Wer versucht, klare Antworten von Soini zu bekommen, dem wird seine Schwäche (oder Stärke?) schnell deutlich. Der Mann ist wesentlich besser darin ist, zu sagen, was er nicht will, als darin, was er will.
Herr Soini, was machen Sie, wenn Sie in der Regierung sind? Die Kreditzahlungen zurücknehmen? „Wir sind in einer rechtswidrigen Situation“, antwortet er. „Der EU-Vertrag verbietet, dass Euro-Länder einander helfen.“
Die anderen Parteien sagen aber, sie werden Sie nur in der Regierung akzeptieren, wenn sie dem Euro-Reformpaket zustimmen.
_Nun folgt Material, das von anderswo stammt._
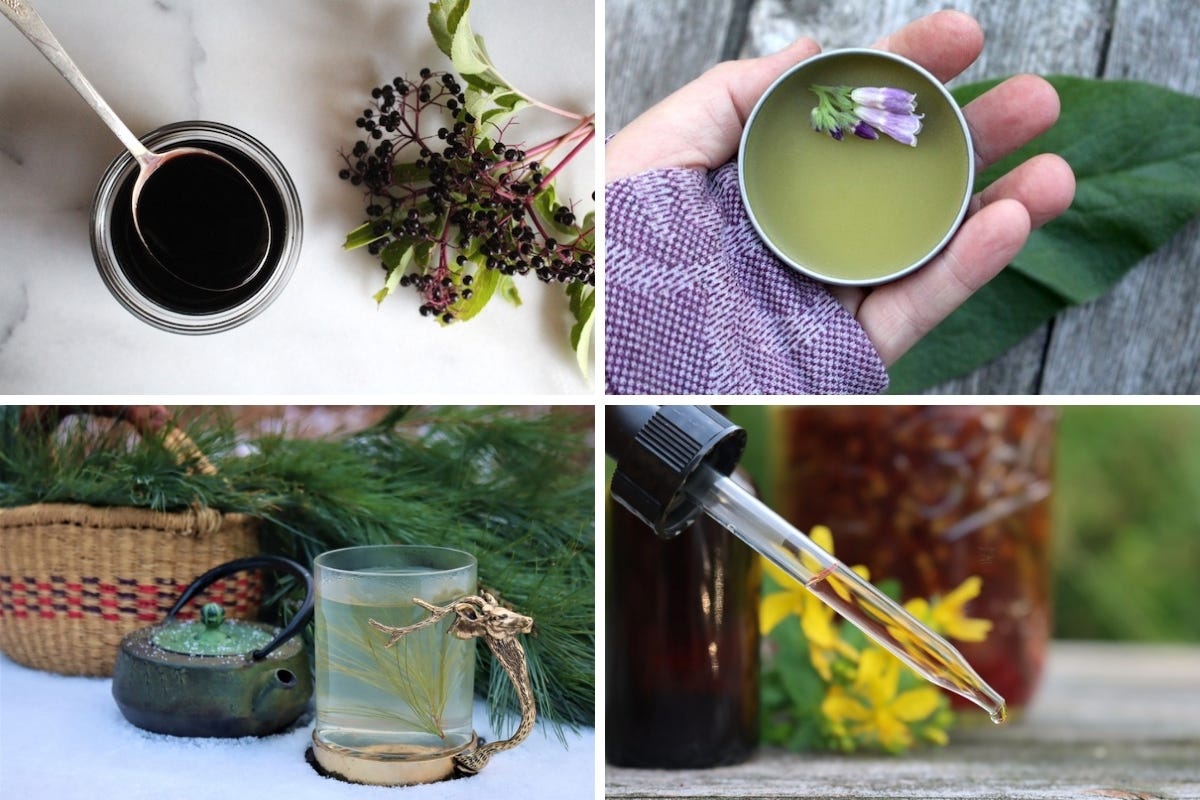 Types of Herbal Preparations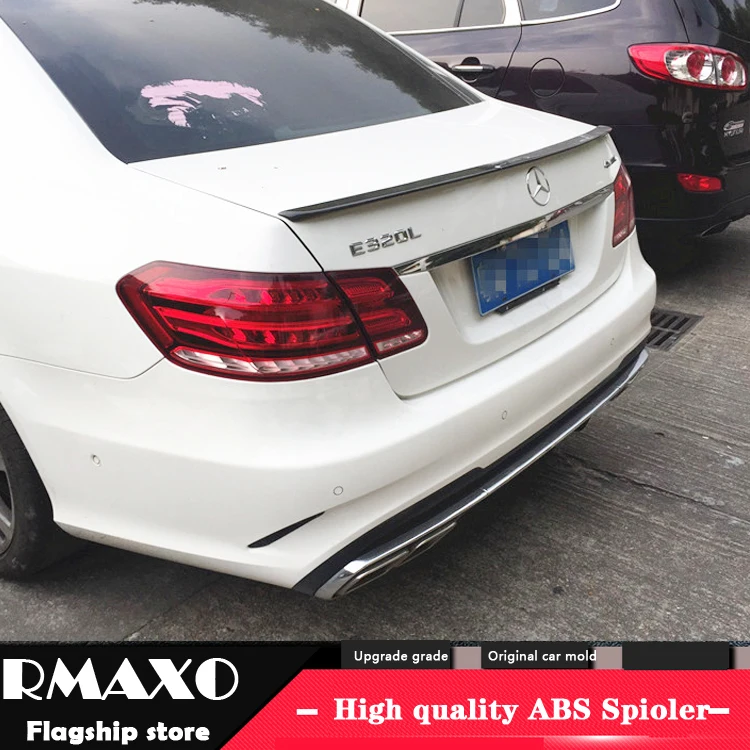 Для Benz W212 спойлер E320L E260L E300L E63 Высокое качество абс материал заднее крыло праймер цвет задний спойлер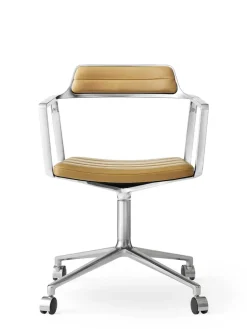 VIPP452 Swivel Chair m/hjul, dark sand fra Vipp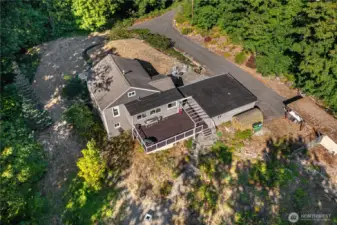 top view of back deck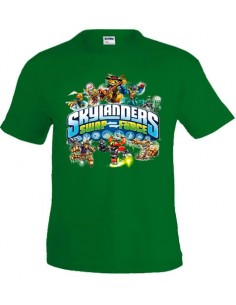 Camiseta Skylanders Swap Force - Diseño swap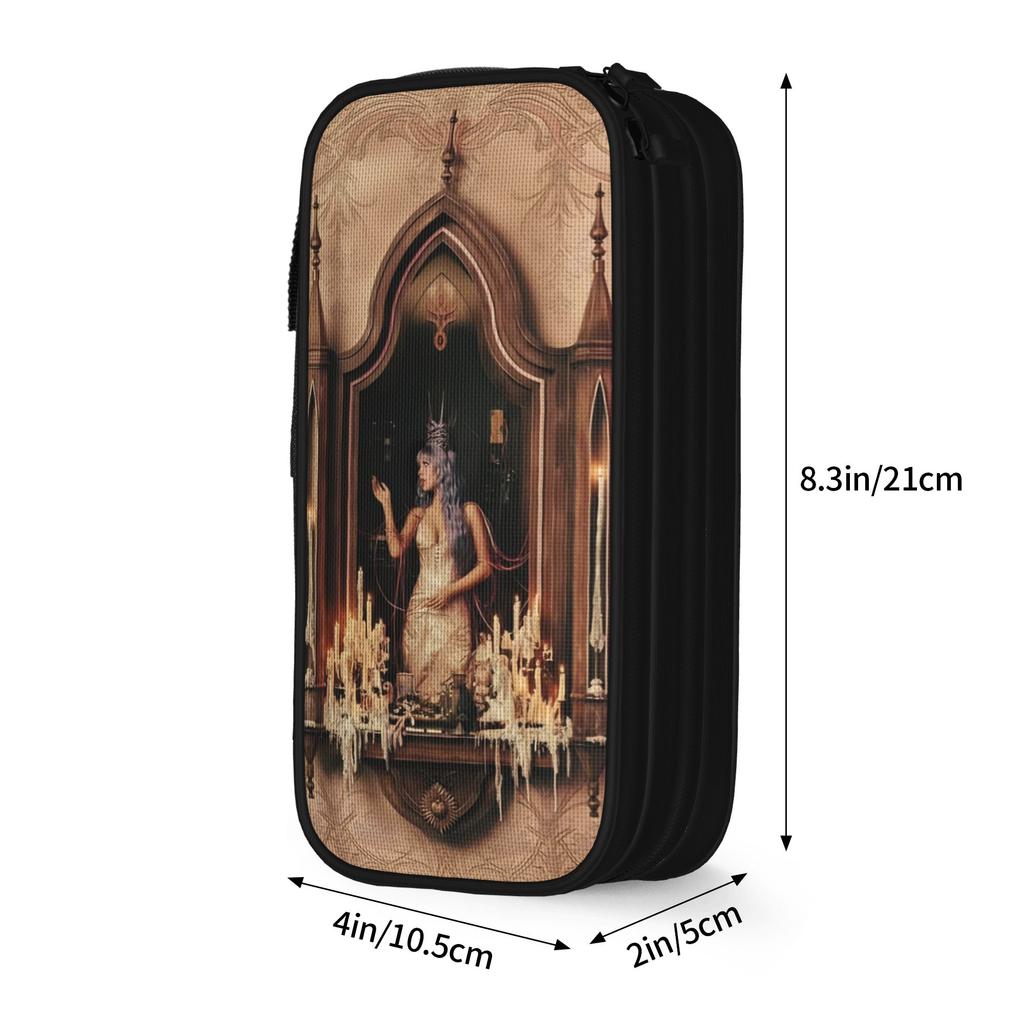 Large-capacity Pen Box Melanies Martinez Hades Album 2026 Office Double Layer Pencil Case Stationery Girl Makeup Bags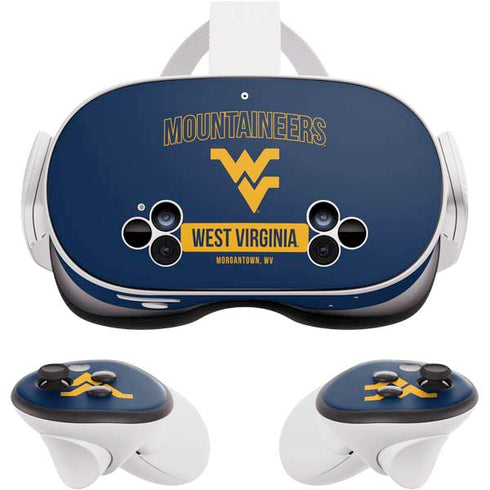 West Virginia University Mountaineers Logo Meta Quest 3S Skin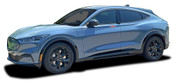 HIGH VOLTAGE - Ford Mustang Mach-E Side Body Decals Door Stripes Rally Vinyl Graphics Kit fits 2021, 2022, 2023, 2024, 2025, 2026 (M-PDS-9023)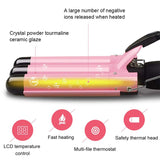 New Arrival Hair Curling Iron LED Ceramic Triple Barrel Hair Curler Irons Hair Wave Waver Styling Tools Hair Styler Wand - V.I.P Digital Presence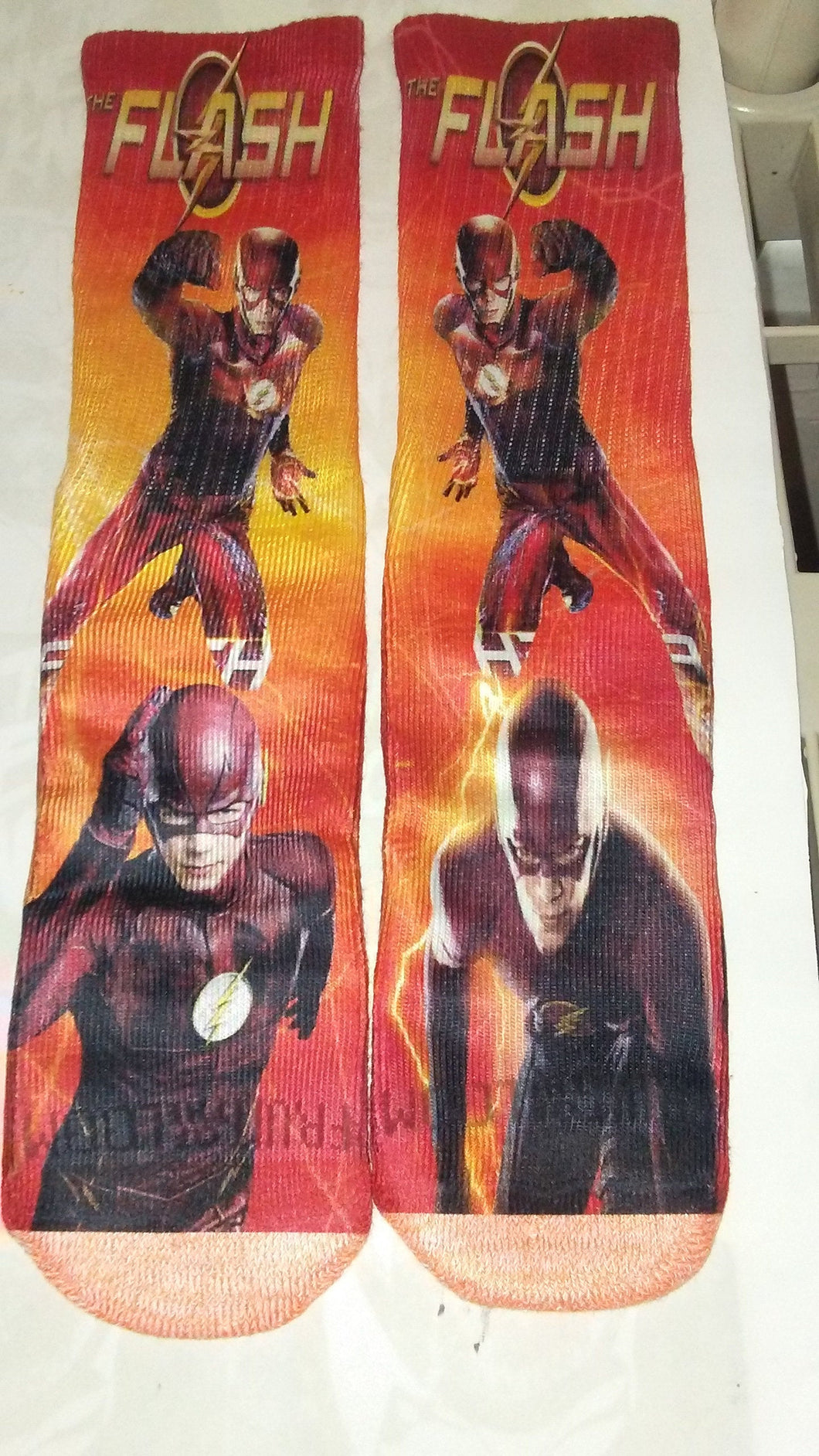 The Flash custom dryfit socks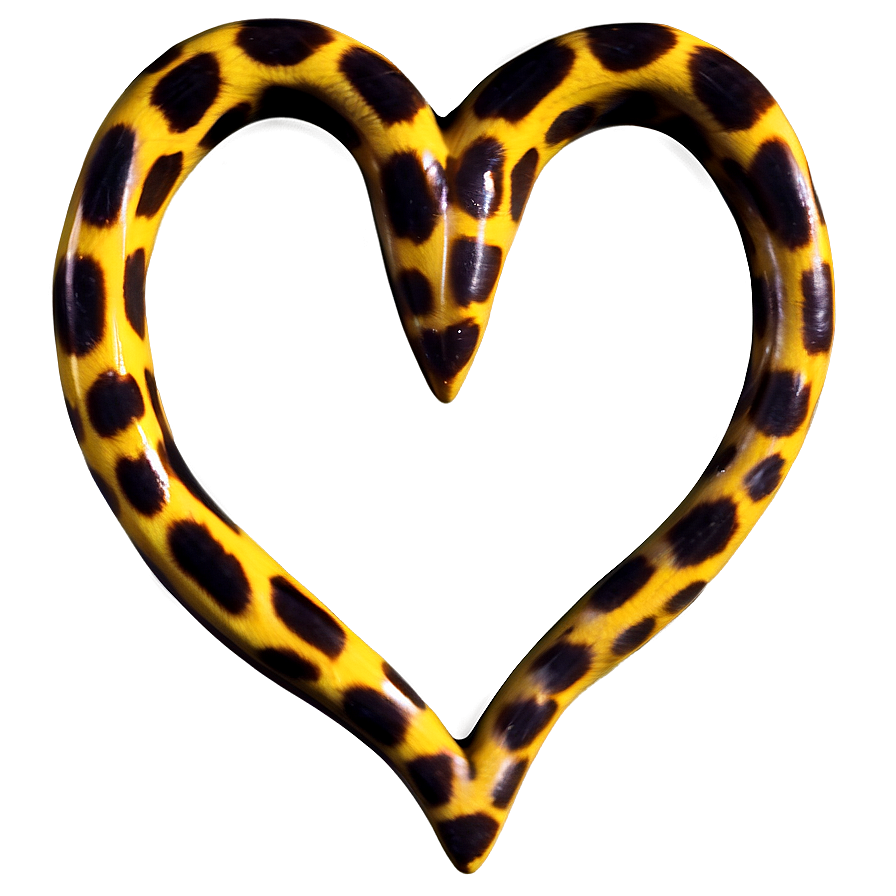 Passionate Leopard Heart Png 75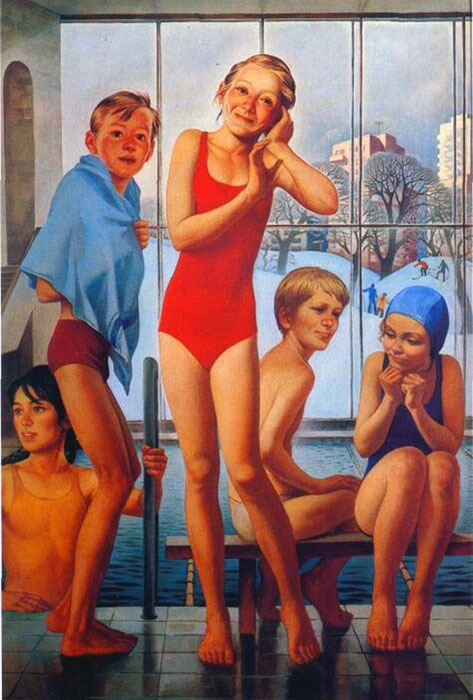 Maлeнькиe купaльщики (Little Bathers)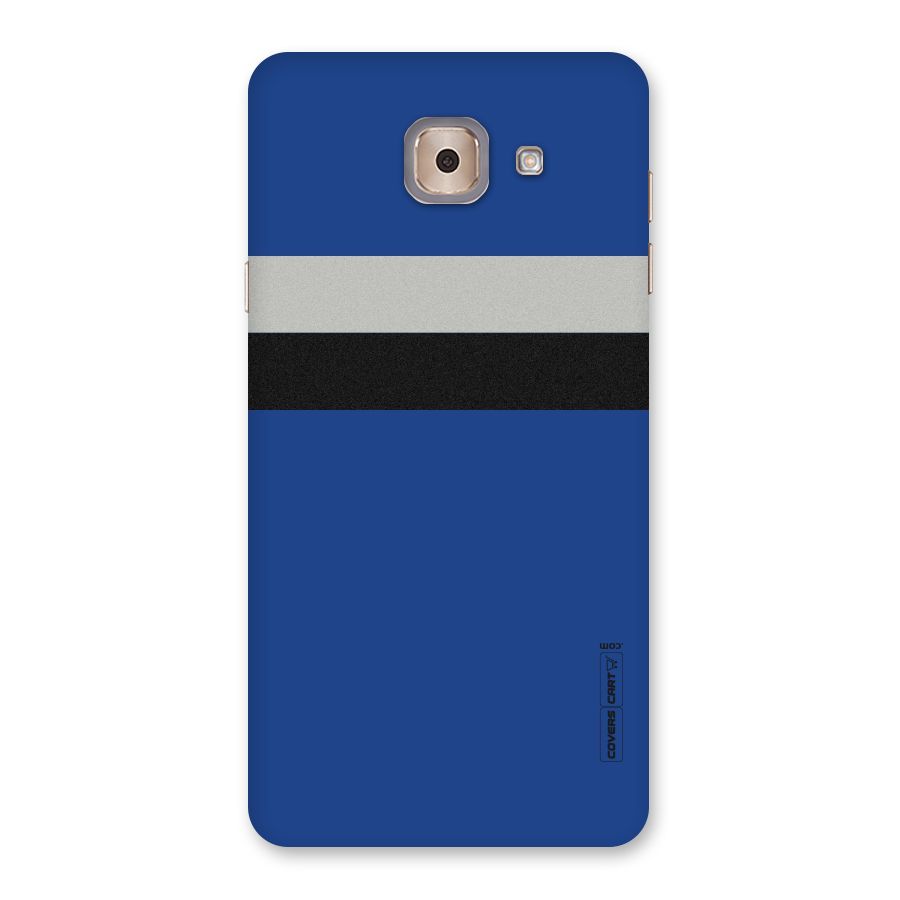 Grey Black Strips Back Case for Galaxy J7 Max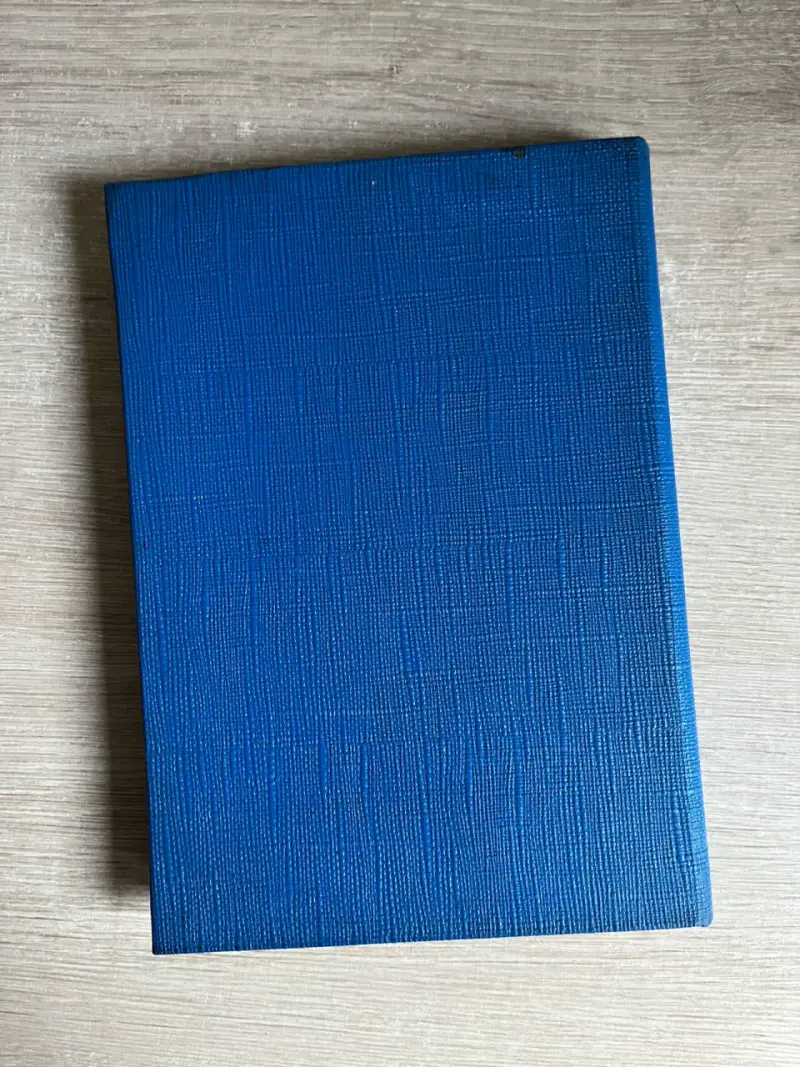 Álbum de estampillas chilenas con diseño azul - 5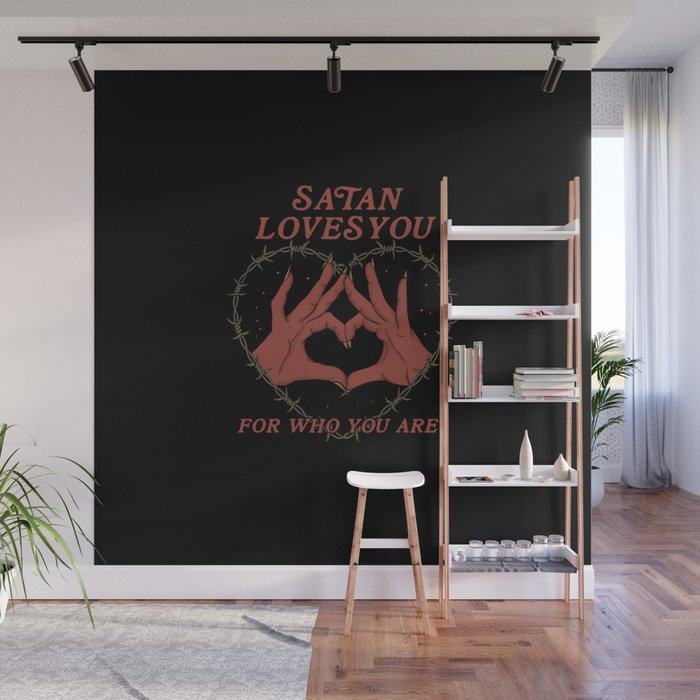 Satan Loves You Wall Mural Gallery Image 1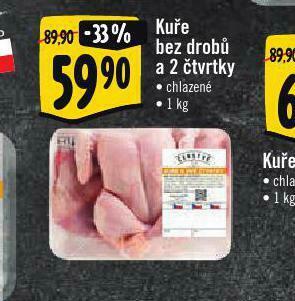 Albert Kuře bez drobů a 2 čtvrtky nabídka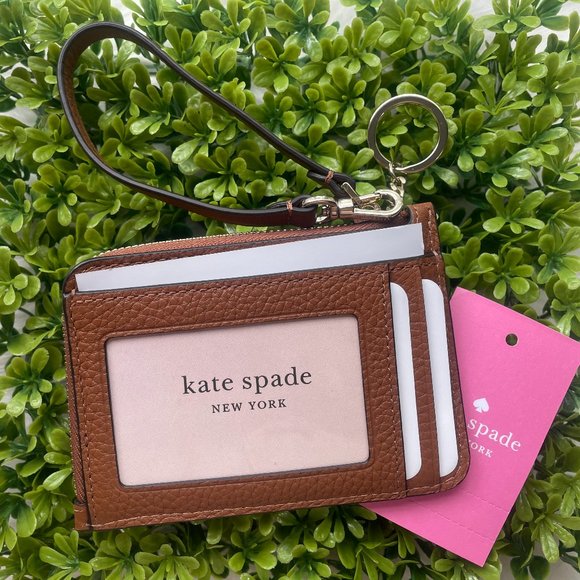 NWT Kate Spade Leila Card Holder Wristlet with Key Ring - Picture 2 of 9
„Ja, aber wenn wir ein gutes Resultat bekommen, ändern sich die politischen Muster. In Deutschland gibt es doch auch immer größere Zweifel und sogar Verfassungsklagen gegen den Mechanismus.“
Zweifel darf man aber vor allem daran haben, ob die Rigorosität von Soini und seinen Basisfinnen eine Regierungsbeteiligung überlebt. Wahrscheinlich, sagen Beobachter, werde am Ende ein Arrangement stehen, wie es die finnischen Grünen in der Atomfrage eingegangen seien. Offiziell sind sie für einen Ausstieg. Gleichwohl gehören sie mit diesem Sondervotum einer Regierung an, die einen Ausbau beschlossen hat. So könnten auch die Basisfinnen halten: Im Programm Nein sagen zu EU-Hilfen, in der Praxis Ja.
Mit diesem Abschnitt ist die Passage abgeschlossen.